Hier wieder Fotos von meinen Outfits zum Rundgang. Ich schrieb ja schon das letzte Mal, dass ich versuche mir eine immer neue historisch angehauchte Garderobe zu überlegen. Dieses Mal sind es Blümchenkleider gewesen. Die sind schließlich zeitlos. 😀 Die schwarze Kette auf dem rechten Bild ist so alt wie die Spuren, die wir mit dem Rundgang anschauen.


So viel von den Rundgängen. Nun wird es noch ein weiteres Wochenende geben und dann gehen die Rundgänge in die Winterpause. Das Wetter wird dann einfach zu schlecht und mein Job nimmt mich zu sehr ein. Die Rundgänge sind ja nur ein privates Angebot, einfach aus dem Wunsch mein erarbeitetes Wissen über das Viertel anderen zugänglich zu machen (so lange, wie es noch Spuren des Weltkrieges zu finden gibt). Ich hoff, dass es noch reges Interesse geben wird an den letzten 2 Durchführungen (Freitag und Samstag).
Zum Abschluss gibt es noch gute Nachrichten: Durch die Rundgänge kam tatsächlich ein Fundstück aus den Weltkriegsbombardierungen in dieser Woche wieder zurück an das Tageslicht, zurück aus einem privaten Keller. Durch die Weitergabe an mich, wird das Stück vor dem Entsorgen im Müll bewahrt, was unweigerlich irgendwann passiert wäre, wenn sich nicht ein*e andere*r “Bewahrer*in” gefunden hätte rechtzeitig.

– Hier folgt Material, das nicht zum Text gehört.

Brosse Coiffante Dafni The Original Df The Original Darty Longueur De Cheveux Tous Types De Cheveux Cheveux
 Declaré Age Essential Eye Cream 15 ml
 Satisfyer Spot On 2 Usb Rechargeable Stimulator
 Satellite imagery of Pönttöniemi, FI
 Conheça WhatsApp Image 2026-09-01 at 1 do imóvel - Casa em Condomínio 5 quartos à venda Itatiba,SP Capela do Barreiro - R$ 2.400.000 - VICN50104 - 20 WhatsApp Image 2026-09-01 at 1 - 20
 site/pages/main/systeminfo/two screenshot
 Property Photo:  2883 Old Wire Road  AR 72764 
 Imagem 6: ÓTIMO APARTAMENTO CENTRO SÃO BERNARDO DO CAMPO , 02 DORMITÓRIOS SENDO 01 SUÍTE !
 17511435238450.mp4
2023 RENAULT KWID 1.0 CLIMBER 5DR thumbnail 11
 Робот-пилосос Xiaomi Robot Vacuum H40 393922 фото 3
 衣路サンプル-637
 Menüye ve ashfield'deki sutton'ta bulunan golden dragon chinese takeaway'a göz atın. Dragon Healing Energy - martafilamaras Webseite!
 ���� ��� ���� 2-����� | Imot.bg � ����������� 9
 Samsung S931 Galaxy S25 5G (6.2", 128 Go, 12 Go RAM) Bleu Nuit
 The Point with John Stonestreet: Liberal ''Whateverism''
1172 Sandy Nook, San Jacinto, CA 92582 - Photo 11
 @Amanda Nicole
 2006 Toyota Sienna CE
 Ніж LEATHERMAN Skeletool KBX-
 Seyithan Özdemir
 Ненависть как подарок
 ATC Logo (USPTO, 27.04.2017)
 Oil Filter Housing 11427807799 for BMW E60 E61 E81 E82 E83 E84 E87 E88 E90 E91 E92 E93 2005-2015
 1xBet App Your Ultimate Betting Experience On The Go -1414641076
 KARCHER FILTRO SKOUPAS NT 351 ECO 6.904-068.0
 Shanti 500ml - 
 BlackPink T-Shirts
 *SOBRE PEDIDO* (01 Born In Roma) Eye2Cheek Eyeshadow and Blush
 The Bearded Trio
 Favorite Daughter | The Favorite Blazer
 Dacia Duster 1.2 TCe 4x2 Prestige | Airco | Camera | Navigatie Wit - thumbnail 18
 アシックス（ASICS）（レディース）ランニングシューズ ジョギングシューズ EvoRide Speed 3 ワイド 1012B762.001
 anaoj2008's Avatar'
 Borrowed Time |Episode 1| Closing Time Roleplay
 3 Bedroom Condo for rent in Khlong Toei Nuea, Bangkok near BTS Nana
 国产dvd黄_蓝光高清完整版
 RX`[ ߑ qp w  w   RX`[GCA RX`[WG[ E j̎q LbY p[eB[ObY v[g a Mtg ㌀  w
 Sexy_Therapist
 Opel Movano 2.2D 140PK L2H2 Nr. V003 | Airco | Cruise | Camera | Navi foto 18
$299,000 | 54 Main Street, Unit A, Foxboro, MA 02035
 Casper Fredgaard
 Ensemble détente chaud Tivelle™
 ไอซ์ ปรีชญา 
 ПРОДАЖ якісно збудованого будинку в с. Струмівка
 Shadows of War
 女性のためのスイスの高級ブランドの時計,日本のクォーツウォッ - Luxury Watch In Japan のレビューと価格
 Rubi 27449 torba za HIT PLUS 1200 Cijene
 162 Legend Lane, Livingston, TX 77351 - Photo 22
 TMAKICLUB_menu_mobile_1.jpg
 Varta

Hier seht ihr das schöne Teil:

Das ist natürlich ein schöner Nebeneffekt der Rundgänge und ich hoffe das dies noch öfter passieren wird. Danke an die lieben Menschen, die mir dieses Artefakt aushändigten. Über 40 Jahre hatten sie es in ihrem Besitz (ihre Kinder hatten es damals geborgen).
Na dann bis zum nächsten Rundgang!!
Eure Bewahrerin
BUCHQUELLE
– Steinecke, G. (2005): Drei Tage im April – Kriegsende in Leipzig. Lehmstedt.
Viele geschichtliche Daten und Standorte wurden genannt und bestaunt, die den Rundgang spannend gemacht haben.
Ist auf jeden Fall zu empfehlen.
Vielen Dank, Mami. 🙂 Schön dass du dabei warst!!